La Chambre de première instance a noté que, entre autres déclarations, Bajrush Morina avait déclaré au témoin 2 que d’autres témoins ayant déposé devant le Tribunal dans l’affaire Haradinaj et consorts avaient été tués après avoir témoigné au procès. La Chambre de première instance a conclu ce qui suit :

« … il ne fait aucun doute que Bajrush Morina cherchait à adresser un avertissement clair au témoin et à le dissuader de déposer au procès Haradinaj et consorts, et que ses paroles ne pouvaient être comprises autrement.
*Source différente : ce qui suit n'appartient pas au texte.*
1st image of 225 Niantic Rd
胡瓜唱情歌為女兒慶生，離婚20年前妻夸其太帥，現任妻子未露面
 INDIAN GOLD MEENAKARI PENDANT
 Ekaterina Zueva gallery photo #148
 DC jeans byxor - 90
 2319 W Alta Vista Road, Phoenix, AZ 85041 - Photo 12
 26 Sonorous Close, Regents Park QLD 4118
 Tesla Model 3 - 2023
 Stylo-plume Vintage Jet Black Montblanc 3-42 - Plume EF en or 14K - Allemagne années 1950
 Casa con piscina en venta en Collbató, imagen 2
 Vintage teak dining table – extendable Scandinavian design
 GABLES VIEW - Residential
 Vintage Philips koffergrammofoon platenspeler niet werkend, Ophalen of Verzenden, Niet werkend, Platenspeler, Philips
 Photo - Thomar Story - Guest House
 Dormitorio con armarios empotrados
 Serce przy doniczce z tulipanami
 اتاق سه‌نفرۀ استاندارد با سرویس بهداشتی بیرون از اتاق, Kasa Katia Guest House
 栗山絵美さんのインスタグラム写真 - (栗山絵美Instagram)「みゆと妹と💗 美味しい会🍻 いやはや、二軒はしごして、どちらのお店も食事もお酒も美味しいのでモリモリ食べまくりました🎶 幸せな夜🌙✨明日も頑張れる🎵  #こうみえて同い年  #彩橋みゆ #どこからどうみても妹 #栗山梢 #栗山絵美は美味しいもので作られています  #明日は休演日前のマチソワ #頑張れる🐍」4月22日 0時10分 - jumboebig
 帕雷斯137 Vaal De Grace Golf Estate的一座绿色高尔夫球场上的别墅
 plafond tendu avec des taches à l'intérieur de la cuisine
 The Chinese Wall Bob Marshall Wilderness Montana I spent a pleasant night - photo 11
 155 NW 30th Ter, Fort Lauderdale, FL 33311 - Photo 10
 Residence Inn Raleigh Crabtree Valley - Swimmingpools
Pour la Chambre de première instance, ce comportement constitue une forme d’intimidation … »

Le 3 avril 2008 La Chambre de première instance I avait acquitté Ramush Haradinaj et Idriz Balaj de tous les chefs d’accusation retenus contre eux, selon lesquels ils s’étaient rendu responsables de crimes de guerre et de crimes contre l’humanité commis au Kosovo entre mars et septembre 1998. Le troisième accusé, Lahi Brahimaj, avait été condamné à six ans d’emprisonnement pour traitement cruel et torture à l’encontre de deux personnes au quartier général de l’Armée de libération du Kosovo (UÇK).

En rendant son jugement, le 3 avril 2008, la Chambre de première instance avait souligné « les grandes difficultés rencontrées [par la Chambre] pour obtenir le témoignage de nombreuses victimes » au cours du procès. L’affaire Haradinaj et consorts est actuellement pendante devant la Chambre d’appel.

mardi 16 décembre 2008

Nouveau cambriolage d'une Eglise serbe au Kosovo

(eparhija-prizren.com)

15/12/2008. Une nouvelle église au Kosovo Pomoravlje (Est du Kosovo) a été la cible de bandits. Au cours de la nuit dernière, l'église de Saint Nicholas a été dévalisé.

Selon le prêtre Srdjan Jerinic, le voleur a entré en cassant les portes a pris tout l'argent qui se trouvé à l'intérieur du temple, mais il n'y a pas de dégât sur les icônes et les fresques.

C'est la troisième attaque sur les églises dans la région de Kosovo Pomoravlje au cours de ces deux dernières semaines. Avant cette fois, c'était les eglises de Silovo et Vrbovac.